Aux termes de ses dernières conclusions notifiées le 25 août 2025, la Sasu Dubuisson et Fils demande à la cour de :
- débouter les époux [I] de l'ensemble de leurs demandes,
- confirmer purement et simplement le jugement entrepris y compris la condamnation à l'article 700 du code de procédure civile, au besoin par la substitution de motifs,
- à titre subsidiaire, constater que les demandes indemnitaires ne sont pas justifiées et débouter les époux [I] de leurs demandes,
y ajoutant,
- condamner les époux [I] à régler 3 000 euros au titre de l'article 700 du code de procédure civile pour la procédure d'appel,
- les condamner aux entiers dépens de première instance et d'appel dont distraction au profit de Maître Peltier sur ses offres de droit.
L'ordonnance de clôture a été rendue le 11 septembre 2025.
MOTIFS
5. Le tribunal a jugé que l'escalier qui devait être mis en oeuvre par la société Dubuisson et fils n'était pas un ouvrage au sens des dispositions de l'article 1792 du code civil alors que celui-ci n'était pas incorporé dans l'existant et qu'il pouvait être démonté sans porter atteinte à l'immeuble. Le premier juge a ajouté qu'en outre les vices allégués par les époux [I] n'avaient pas rendu l'immeuble impropre à sa destination. Le tribunal a en outre considéré que les désordres allégués ne pouvaient pas être qualifiés de dommages intermédiaires alors qu'ils n'affecteraient pas un ouvrage et qu'en outre les vices allégués étaient apparents. Enfin le premier juge a déclaré les époux [I] irrecevables en leurs demandes sur le fondement de la responsabilité contractuelle pour cause de prescription quinquennale.

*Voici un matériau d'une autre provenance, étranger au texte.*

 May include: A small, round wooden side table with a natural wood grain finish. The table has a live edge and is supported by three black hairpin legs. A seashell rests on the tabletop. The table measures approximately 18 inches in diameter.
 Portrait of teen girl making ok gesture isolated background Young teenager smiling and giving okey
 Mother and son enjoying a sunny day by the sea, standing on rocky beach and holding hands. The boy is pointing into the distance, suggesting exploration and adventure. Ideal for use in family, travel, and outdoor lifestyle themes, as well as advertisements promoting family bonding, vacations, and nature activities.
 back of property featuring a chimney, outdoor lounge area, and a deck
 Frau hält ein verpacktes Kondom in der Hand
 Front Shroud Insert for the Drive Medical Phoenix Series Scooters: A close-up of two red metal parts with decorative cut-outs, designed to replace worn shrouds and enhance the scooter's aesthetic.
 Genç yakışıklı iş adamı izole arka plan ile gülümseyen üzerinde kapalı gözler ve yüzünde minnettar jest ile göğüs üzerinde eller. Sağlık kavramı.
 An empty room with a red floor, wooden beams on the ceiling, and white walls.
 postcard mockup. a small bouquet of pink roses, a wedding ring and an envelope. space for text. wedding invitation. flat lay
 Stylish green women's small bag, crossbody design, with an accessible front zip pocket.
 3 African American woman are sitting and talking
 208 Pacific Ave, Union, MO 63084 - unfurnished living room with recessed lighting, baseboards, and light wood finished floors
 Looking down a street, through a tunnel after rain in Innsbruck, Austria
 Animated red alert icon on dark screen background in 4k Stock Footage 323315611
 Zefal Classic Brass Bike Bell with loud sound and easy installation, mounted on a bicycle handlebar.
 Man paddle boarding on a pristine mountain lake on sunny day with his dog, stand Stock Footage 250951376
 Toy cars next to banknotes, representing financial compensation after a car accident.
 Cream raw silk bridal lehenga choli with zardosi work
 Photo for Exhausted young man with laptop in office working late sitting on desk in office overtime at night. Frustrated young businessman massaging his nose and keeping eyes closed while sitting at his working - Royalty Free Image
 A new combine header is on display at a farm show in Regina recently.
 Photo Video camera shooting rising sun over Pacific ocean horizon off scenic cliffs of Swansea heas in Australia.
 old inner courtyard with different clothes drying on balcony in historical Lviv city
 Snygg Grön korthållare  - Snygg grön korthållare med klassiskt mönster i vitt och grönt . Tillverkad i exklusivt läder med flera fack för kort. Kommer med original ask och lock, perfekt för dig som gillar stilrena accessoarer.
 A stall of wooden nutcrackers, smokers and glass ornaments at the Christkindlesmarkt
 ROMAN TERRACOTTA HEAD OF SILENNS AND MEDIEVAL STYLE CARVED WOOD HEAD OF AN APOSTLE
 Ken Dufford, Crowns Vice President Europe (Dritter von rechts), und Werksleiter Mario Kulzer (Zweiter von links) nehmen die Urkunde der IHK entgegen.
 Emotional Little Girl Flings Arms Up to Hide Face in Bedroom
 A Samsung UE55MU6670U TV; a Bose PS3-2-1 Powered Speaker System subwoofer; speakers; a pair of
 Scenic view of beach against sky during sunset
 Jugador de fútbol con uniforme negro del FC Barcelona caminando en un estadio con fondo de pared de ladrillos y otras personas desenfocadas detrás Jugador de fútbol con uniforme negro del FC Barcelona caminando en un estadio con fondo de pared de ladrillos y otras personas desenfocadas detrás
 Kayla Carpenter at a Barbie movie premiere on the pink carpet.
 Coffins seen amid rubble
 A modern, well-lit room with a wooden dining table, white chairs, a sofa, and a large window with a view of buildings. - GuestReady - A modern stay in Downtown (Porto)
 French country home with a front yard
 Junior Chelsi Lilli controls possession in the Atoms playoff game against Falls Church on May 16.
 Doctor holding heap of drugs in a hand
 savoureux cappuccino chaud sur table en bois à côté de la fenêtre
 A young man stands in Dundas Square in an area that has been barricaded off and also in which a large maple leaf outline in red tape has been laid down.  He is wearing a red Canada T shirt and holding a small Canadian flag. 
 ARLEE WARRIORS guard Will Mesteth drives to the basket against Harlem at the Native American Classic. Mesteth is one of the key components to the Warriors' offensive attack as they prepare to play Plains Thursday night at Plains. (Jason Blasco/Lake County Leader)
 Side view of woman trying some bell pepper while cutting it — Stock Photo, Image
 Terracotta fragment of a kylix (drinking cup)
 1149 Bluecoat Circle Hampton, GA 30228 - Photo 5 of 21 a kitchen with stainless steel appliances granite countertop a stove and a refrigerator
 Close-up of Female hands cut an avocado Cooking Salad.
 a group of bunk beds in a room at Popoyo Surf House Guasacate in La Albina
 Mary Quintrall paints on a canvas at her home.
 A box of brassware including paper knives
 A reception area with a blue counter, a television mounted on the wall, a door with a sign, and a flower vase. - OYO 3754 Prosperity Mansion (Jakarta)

Les époux [I] considèrent au contraire que l'escalier litigieux est un ouvrage au sens de l'article 1792 du code civil ou à défaut un élément d'équipement ou encore que les désordres constituent des dommages intermédiaires. Ils considèrent en outre que l'escalier a fait l'objet d'une réception tacite assortie de réserves, le 13 février 2013, date à laquelle le prix a été payé et qu'ils ont pris possession de l'ouvrage. A titre subsidiaire, ils demandent à la cour d'appel de prononcer une réception judiciaire de l'ouvrage. A titre infiniment subsidiaire, ils demamdent que la responsabilité contractuelle des constructeur qui se prescrit par dix ans soit retenue par la cour d'appel. A titre un peu plus subsidiaire, ils sollicitent l'organisation d'une expertise judiciaire.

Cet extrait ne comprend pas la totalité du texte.